*Your instructions:*
Below are records with pictures. Transcribe exactly, and only, the lines from the line with "beauty makeover games salon spa games" to the line with "Cravate Jaune de Gadsden", both ends included, but not the pictures.

*** Opening of Records for the task ***

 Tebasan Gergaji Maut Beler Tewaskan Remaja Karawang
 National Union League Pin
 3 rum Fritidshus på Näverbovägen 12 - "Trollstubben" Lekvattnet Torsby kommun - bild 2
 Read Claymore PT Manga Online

*** Close of Records for the task ***
*** Opening of Records for the task ***

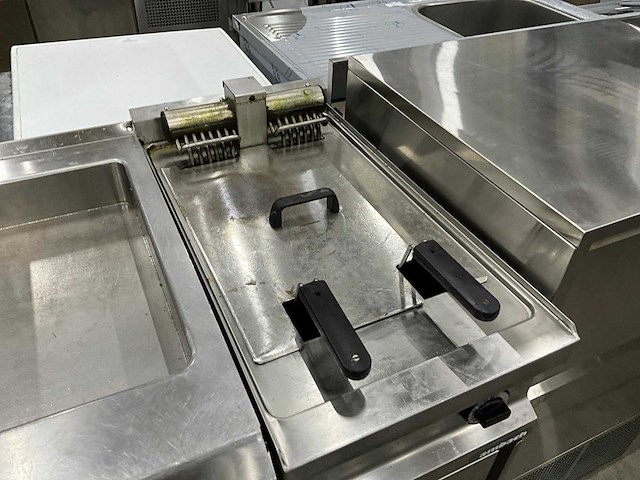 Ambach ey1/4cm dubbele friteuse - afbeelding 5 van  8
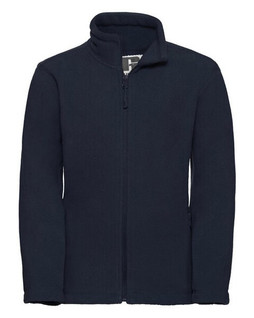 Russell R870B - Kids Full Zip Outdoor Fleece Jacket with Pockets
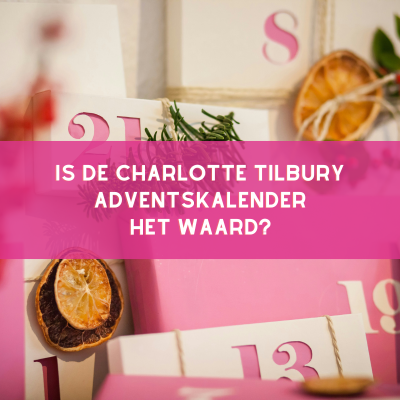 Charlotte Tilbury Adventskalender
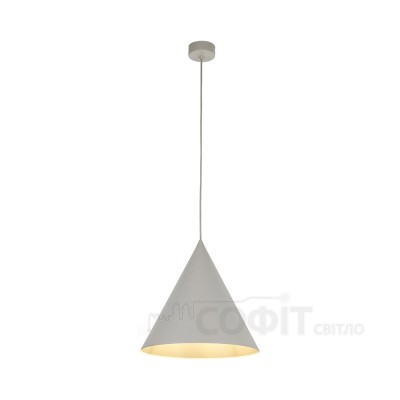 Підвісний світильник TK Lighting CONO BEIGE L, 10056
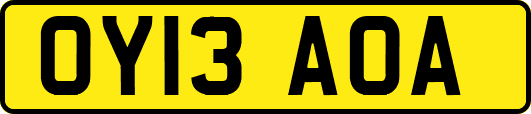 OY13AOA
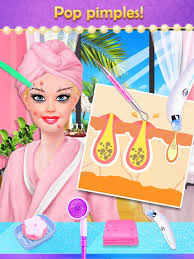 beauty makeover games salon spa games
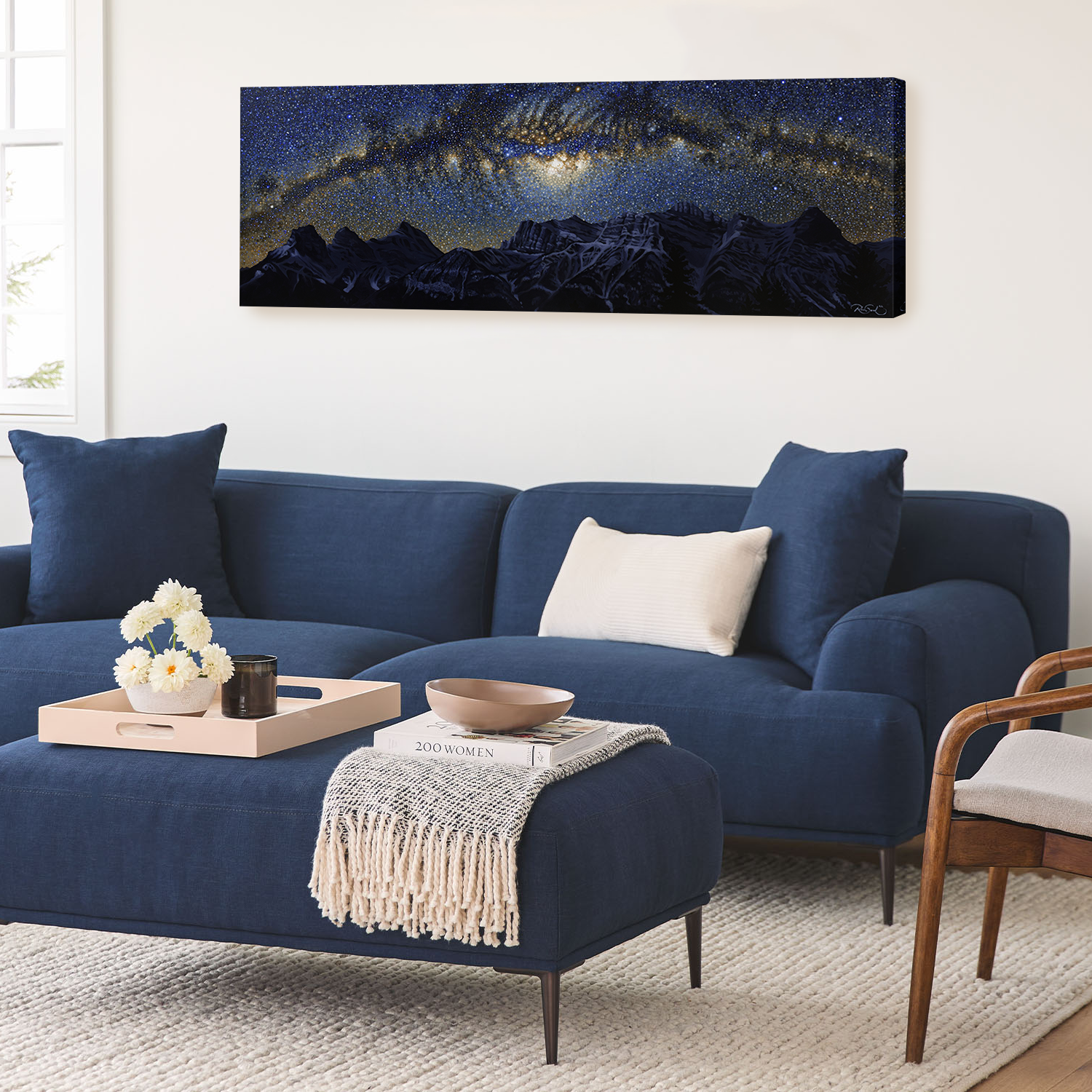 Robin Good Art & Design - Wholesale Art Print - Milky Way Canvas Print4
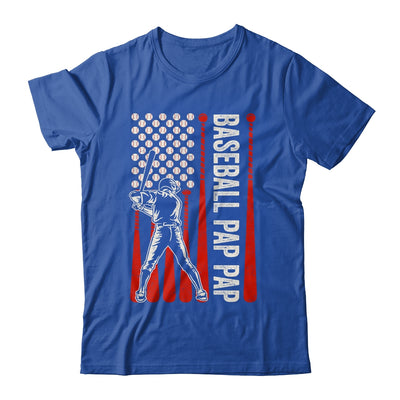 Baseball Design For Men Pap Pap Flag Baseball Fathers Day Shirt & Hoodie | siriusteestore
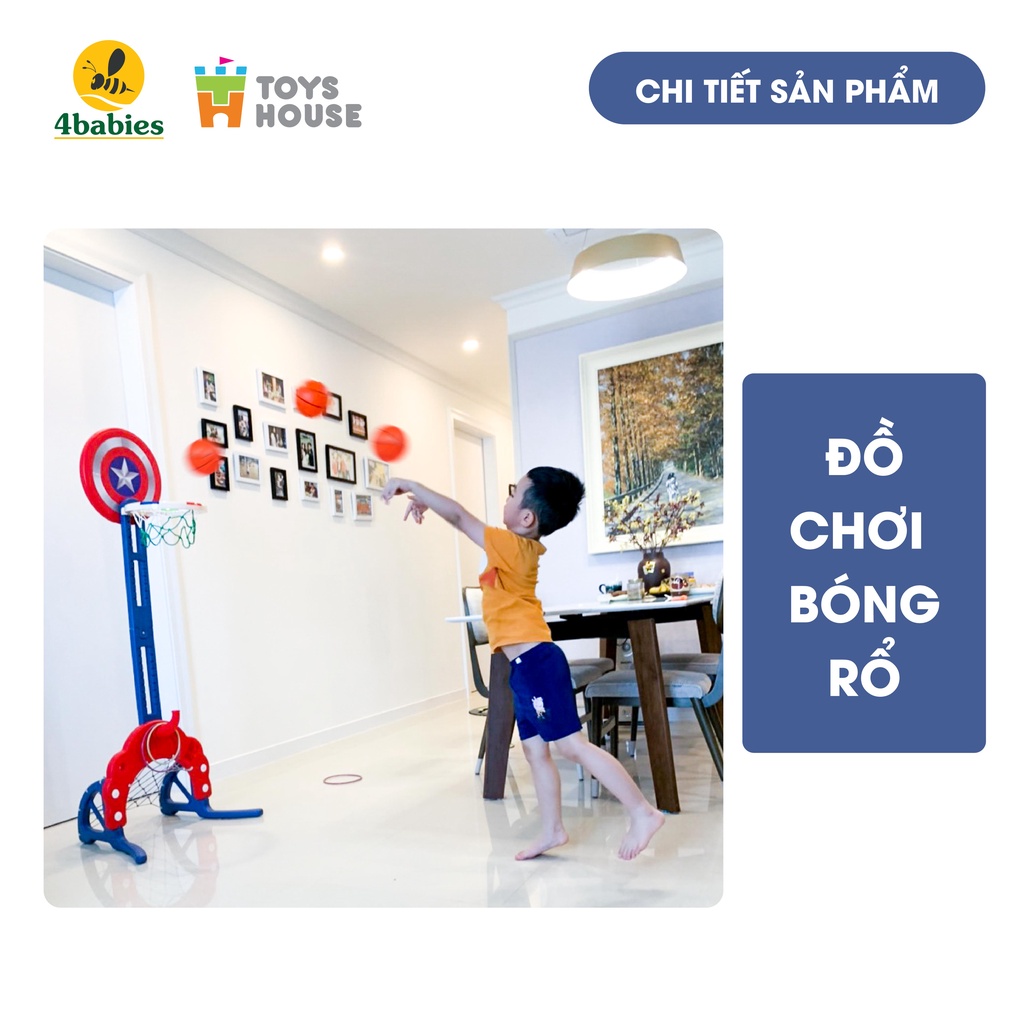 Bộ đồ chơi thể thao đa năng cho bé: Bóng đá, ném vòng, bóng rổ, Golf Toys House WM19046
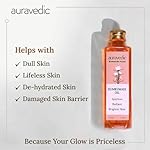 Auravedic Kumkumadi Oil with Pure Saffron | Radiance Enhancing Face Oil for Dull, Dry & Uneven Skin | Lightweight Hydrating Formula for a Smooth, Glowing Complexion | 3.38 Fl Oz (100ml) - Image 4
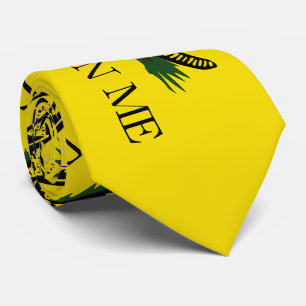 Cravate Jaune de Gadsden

*** Close of Records for the task ***

*Solution for this problem:*
 beauty makeover games salon spa games
 Robin Good Art & Design - Wholesale Art Print - Milky Way Canvas Print4
 Baseball Design For Men Pap Pap Flag Baseball Fathers Day Shirt & Hoodie | siriusteestore
 Bộ đồ chơi thể thao đa năng cho bé: Bóng đá, ném vòng, bóng rổ, Golf Toys House WM19046
 Auravedic Kumkumadi Oil with Pure Saffron | Radiance Enhancing Face Oil for Dull, Dry & Uneven Skin | Lightweight Hydrating Formula for a Smooth, Glowing Complexion | 3.38 Fl Oz (100ml) - Image 4
 Cravate Jaune de Gadsden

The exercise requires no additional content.